# damn.. Its snowing again...



## guest (Sep 16, 2003)

Well we are getting a decent snow fall today.. we have about 1 inch on the grass so far... only supposed to get 1-2" but what happened? 
I thought it was spring?


----------



## Live Oak (Dec 22, 2003)

Technically it is not Spring yet. Like ole' Yoggi used to say...........it ain't over till its over" Winter is hanging on here too. Had a good frost this morning. We 80 degrees last week. Go figure?


----------



## Stewart (Sep 17, 2003)

What do you expect, you do live in the great white north!!!!!!
Just kidding.......how late do you normaly get snow up there?
In Colorado we used to get snow untill about this time in April. Spring storms used to be the worst. At least the snow was gone quick! :lucky:


----------



## guest (Sep 16, 2003)

weve had a lot of snow on the ground well into april.. but this year we barely had any snow... so until today the grass was pretty much clear of any snow.. 

its frustrating.. my company is in mass, so every week or so i go down there its only an hour and a half away.. but some years, i would leave here with snow on the ground (6-10") and go down there and they have no snow at all, green lawns and their spring flowers coming out.. 

oh well.. thats the price we pay to live in maine...


----------



## Stewart (Sep 17, 2003)

Do you work from home? That would be a real fun drive to make on a regular basis!:dazed:


----------



## guest (Sep 16, 2003)

yes work from home but go to mass every week or so for the day.. its pretty good.. actually i am from mass and my family is down there so i kill 2 birds with one stone and visit them after work


----------



## Stewart (Sep 17, 2003)

OK I have to ask, what do you do that you can work from home?


----------



## guest (Sep 16, 2003)

AS/400 programmer... (ibm Midrange computer) 

Same as tractorguy.... and we both liked/owned simplicities... And we are both from the great white north.. me Maine, him wisconsin... scary...


----------



## Stewart (Sep 17, 2003)

I don't think I would draw that conclusion or even hint about that one!!! 
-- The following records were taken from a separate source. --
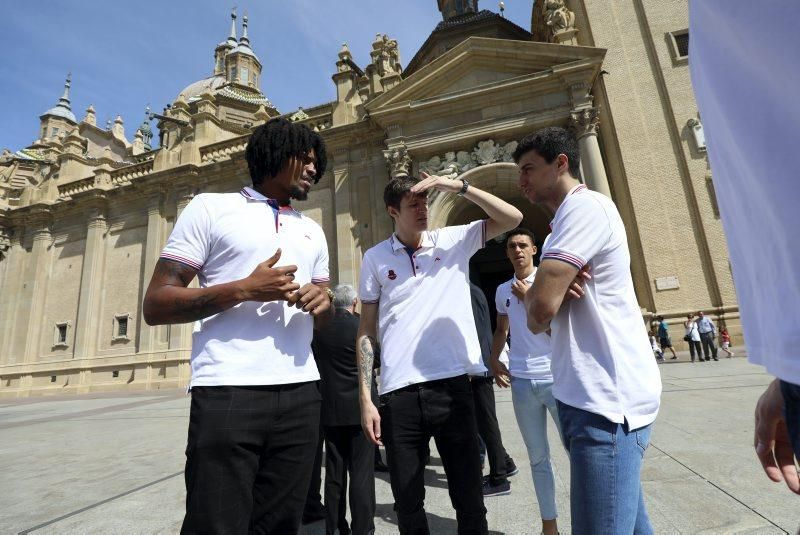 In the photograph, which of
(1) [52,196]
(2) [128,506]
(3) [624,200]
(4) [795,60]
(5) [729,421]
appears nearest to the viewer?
(4) [795,60]

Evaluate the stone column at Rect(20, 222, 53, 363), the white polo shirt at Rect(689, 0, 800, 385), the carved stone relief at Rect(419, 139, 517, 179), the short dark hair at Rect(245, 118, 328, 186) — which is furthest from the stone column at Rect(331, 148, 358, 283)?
the stone column at Rect(20, 222, 53, 363)

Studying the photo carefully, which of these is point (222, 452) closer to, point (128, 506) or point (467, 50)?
point (128, 506)

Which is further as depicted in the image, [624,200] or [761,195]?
[624,200]

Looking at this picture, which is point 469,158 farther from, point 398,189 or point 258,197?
point 258,197

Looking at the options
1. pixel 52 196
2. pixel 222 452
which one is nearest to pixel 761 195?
pixel 222 452

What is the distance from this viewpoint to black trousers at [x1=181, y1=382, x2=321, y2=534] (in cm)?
147

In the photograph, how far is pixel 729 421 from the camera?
4680 millimetres

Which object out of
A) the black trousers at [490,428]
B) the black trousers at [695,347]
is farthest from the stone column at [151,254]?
the black trousers at [695,347]

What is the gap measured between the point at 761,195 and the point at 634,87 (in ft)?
55.8

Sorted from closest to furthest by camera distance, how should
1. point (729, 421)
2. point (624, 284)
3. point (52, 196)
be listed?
point (624, 284) < point (729, 421) < point (52, 196)

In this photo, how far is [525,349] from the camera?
312cm

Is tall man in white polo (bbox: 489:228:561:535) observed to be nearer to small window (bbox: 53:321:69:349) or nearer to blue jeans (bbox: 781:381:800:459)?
blue jeans (bbox: 781:381:800:459)

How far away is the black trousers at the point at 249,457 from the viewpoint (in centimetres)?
147

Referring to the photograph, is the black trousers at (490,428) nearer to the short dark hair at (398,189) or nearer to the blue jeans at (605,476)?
the short dark hair at (398,189) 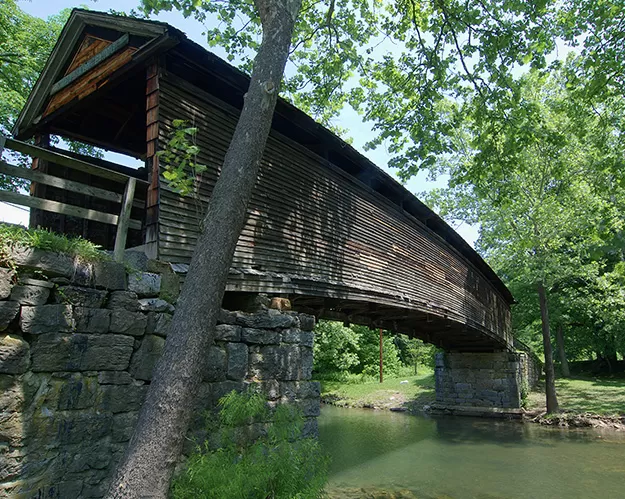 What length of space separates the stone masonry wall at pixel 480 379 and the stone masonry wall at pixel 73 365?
15.8 m

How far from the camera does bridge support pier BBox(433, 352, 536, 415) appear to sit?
17.2m

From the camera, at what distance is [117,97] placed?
21.7ft

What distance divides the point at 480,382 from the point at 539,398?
288cm

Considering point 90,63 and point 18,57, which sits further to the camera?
point 18,57

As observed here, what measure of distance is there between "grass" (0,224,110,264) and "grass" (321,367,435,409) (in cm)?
1815

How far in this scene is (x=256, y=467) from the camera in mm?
3564

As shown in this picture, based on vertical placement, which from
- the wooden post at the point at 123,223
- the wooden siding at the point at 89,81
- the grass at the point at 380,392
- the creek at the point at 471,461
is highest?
the wooden siding at the point at 89,81

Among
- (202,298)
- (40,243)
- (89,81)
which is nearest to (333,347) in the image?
Answer: (89,81)

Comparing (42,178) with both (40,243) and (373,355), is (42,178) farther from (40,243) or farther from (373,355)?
(373,355)

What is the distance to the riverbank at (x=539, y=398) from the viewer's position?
14352 mm

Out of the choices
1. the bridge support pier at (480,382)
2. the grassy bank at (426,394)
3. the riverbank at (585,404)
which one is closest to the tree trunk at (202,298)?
the riverbank at (585,404)

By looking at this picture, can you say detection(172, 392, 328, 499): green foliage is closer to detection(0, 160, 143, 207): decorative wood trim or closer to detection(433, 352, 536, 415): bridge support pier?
detection(0, 160, 143, 207): decorative wood trim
If I worked at home it wouldn't last long. I can always find something else to do. I am glad it works out for you. You could save a bundle on not eating out for lunch and gas money! That means more tools!


----------



## MowHoward2210 (Nov 2, 2003)

> _Originally posted by simple_john _
> *AS/400 programmer... (ibm Midrange computer)
> 
> Same as tractorguy.... and we both liked/owned simplicities... And we are both from the great white north.. me Maine, him wisconsin... scary... *


Yeah, but one guy is cool, and the other is (insert description here)!


----------



## guest (Sep 16, 2003)

> _Originally posted by MowHoward2210 _
> *Yeah, but one guy is cool, and the other is (insert description here)!  *


which one am I???


----------



## MowHoward2210 (Nov 2, 2003)

> _Originally posted by simple_john _
> *which one am I??? *


That's a no-brainer simplejohn


----------



## jodyand (Sep 16, 2003)

> _Originally posted by simple_john _
> *AS/400 programmer... (ibm Midrange computer)
> 
> Same as tractorguy.... and we both liked/owned simplicities... And we are both from the great white north.. me Maine, him wisconsin... scary... *


You mean hodag dont you sj:furious: 
Jody


----------



## Argee (Sep 17, 2003)

> _Originally posted by simple_john _
> *which one am I??? *


You da man SJ!!!!:thumbsup:


----------



## Live Oak (Dec 22, 2003)

That is a pretty hefty commute SJ even for once a week. I hate long drives like that but it is a good reason to drop in and visit with family like you said.


----------



## ducati996 (Dec 27, 2003)

There is nothing worse than a Massachucetts driver....I hate them more than NY drivers, and I'm from NY...
I have family in NH - see them often and when I buzz thru MA
I mentally prepare myself to kill first and ask questions later... :smoking:


----------



## guest (Sep 16, 2003)

> _Originally posted by ducati996 _
> *There is nothing worse than a Massachucetts driver....I hate them more than NY drivers, and I'm from NY...
> I have family in NH - see them often and when I buzz thru MA
> I mentally prepare myself to kill first and ask questions later... :smoking: *


*thats why in maine we call them Massholes... * 

my better half used to have a little nissan.. we would take that to mass when we went together but down there, given the choice of letting you out on the road or running you down. they choose running you down.. so now we always take the truck.. at least we have a fighting chance...


----------



## Argee (Sep 17, 2003)

Well' believing in the Farmers Almanac...I took the snow blower of my GT5000 today...here's hoping I don't regret it!!


----------